RECORDS TO PROCESS

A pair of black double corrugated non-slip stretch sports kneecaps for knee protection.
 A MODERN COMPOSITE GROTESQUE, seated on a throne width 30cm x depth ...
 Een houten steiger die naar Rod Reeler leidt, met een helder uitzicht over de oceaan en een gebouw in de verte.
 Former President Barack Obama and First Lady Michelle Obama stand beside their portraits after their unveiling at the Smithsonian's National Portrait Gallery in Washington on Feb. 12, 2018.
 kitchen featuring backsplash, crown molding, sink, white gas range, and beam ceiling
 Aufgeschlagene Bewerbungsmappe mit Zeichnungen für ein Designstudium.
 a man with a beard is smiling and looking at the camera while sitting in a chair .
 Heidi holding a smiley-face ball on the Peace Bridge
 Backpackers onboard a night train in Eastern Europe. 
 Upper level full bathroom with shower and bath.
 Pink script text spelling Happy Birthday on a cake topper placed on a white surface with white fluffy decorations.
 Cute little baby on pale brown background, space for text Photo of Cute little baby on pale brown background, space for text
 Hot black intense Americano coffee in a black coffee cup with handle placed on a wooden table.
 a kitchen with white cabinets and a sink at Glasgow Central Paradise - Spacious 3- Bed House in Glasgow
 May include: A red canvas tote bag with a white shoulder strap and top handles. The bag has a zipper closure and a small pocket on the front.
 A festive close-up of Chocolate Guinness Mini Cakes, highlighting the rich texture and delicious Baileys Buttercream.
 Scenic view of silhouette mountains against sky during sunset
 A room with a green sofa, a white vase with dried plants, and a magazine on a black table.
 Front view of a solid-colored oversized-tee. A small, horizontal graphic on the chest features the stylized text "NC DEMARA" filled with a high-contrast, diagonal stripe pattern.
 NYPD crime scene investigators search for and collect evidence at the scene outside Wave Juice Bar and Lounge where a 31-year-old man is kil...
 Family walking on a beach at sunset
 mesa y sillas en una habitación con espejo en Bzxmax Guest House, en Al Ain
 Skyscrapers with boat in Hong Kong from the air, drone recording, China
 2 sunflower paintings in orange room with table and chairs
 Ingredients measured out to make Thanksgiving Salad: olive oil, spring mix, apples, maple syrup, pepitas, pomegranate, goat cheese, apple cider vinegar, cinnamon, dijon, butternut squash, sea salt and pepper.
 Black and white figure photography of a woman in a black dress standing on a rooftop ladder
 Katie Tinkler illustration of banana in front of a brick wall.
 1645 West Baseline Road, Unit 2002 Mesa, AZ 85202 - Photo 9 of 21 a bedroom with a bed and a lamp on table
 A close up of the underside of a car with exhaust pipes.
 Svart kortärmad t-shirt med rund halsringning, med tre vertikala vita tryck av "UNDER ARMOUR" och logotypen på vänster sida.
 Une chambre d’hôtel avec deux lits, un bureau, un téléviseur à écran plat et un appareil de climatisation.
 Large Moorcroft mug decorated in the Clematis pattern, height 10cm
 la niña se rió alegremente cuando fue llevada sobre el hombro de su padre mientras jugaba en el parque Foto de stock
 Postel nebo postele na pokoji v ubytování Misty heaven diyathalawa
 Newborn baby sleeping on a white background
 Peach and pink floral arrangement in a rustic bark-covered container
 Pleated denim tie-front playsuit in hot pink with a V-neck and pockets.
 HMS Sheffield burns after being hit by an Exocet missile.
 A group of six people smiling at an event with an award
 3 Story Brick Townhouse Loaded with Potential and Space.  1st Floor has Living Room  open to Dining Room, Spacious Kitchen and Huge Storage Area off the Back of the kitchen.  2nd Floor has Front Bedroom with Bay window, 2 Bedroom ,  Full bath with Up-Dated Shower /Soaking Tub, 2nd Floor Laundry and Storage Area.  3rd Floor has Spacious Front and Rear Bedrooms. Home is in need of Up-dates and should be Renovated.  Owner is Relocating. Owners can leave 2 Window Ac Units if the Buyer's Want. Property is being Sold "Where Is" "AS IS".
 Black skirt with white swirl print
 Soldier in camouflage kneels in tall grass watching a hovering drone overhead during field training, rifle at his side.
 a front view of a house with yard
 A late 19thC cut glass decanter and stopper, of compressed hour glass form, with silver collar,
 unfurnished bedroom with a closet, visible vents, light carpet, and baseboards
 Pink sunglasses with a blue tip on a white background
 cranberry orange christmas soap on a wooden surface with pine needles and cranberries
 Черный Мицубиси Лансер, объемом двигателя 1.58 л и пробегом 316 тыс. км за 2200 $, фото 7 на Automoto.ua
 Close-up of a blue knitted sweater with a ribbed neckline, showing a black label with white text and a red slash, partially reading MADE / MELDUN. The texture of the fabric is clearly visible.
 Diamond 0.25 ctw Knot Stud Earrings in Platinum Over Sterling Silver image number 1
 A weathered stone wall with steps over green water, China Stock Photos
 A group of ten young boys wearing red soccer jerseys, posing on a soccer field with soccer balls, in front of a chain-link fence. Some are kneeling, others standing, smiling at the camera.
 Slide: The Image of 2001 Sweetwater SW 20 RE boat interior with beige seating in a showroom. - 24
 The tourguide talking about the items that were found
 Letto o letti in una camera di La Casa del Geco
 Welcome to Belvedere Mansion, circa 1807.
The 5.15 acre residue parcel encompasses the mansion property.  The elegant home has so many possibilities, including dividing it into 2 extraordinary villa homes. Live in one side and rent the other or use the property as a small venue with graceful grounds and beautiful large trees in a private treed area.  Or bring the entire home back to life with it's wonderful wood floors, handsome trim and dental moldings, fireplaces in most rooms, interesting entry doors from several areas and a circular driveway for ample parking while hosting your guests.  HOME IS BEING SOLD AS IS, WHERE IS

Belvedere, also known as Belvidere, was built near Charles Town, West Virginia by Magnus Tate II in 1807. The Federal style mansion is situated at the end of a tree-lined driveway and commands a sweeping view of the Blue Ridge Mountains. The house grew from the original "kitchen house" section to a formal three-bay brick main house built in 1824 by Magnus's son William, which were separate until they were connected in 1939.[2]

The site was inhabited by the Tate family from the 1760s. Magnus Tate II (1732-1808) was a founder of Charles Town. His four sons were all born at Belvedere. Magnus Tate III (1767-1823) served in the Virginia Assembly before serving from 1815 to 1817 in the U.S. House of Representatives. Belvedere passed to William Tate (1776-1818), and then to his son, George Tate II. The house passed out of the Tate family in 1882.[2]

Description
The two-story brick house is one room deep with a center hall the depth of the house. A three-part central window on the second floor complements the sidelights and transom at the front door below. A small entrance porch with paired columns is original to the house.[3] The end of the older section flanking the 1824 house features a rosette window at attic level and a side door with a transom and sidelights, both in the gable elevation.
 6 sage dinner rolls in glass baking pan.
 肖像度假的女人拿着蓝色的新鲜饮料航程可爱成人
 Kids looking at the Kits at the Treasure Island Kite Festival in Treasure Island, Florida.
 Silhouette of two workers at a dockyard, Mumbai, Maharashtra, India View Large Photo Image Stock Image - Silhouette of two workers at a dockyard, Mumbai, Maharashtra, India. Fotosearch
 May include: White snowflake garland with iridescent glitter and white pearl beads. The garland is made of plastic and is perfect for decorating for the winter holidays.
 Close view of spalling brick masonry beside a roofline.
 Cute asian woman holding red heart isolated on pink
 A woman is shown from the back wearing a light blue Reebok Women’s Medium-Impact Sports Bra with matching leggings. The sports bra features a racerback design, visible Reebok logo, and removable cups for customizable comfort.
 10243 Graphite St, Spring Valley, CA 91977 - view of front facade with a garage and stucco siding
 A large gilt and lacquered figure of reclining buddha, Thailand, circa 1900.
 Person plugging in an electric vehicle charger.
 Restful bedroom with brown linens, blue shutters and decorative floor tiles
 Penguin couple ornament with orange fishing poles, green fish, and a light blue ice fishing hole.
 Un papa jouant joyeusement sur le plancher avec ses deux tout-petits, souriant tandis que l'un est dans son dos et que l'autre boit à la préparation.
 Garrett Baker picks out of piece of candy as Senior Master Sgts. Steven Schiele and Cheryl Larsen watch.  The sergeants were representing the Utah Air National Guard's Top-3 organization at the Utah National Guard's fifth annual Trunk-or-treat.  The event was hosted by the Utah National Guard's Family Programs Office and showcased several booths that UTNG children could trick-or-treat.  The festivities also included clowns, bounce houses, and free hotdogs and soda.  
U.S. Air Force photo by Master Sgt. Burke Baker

YOUR ASSIGNMENT
Copy the lines above exactly, beginning at the line containing "Restful bedroom with" and stopping at the last line.

RESPONSE AREA
 Restful bedroom with brown linens, blue shutters and decorative floor tiles
 Penguin couple ornament with orange fishing poles, green fish, and a light blue ice fishing hole.
 Un papa jouant joyeusement sur le plancher avec ses deux tout-petits, souriant tandis que l'un est dans son dos et que l'autre boit à la préparation.
 Garrett Baker picks out of piece of candy as Senior Master Sgts. Steven Schiele and Cheryl Larsen watch.  The sergeants were representing the Utah Air National Guard's Top-3 organization at the Utah National Guard's fifth annual Trunk-or-treat.  The event was hosted by the Utah National Guard's Family Programs Office and showcased several booths that UTNG children could trick-or-treat.  The festivities also included clowns, bounce houses, and free hotdogs and soda.  
U.S. Air Force photo by Master Sgt. Burke Baker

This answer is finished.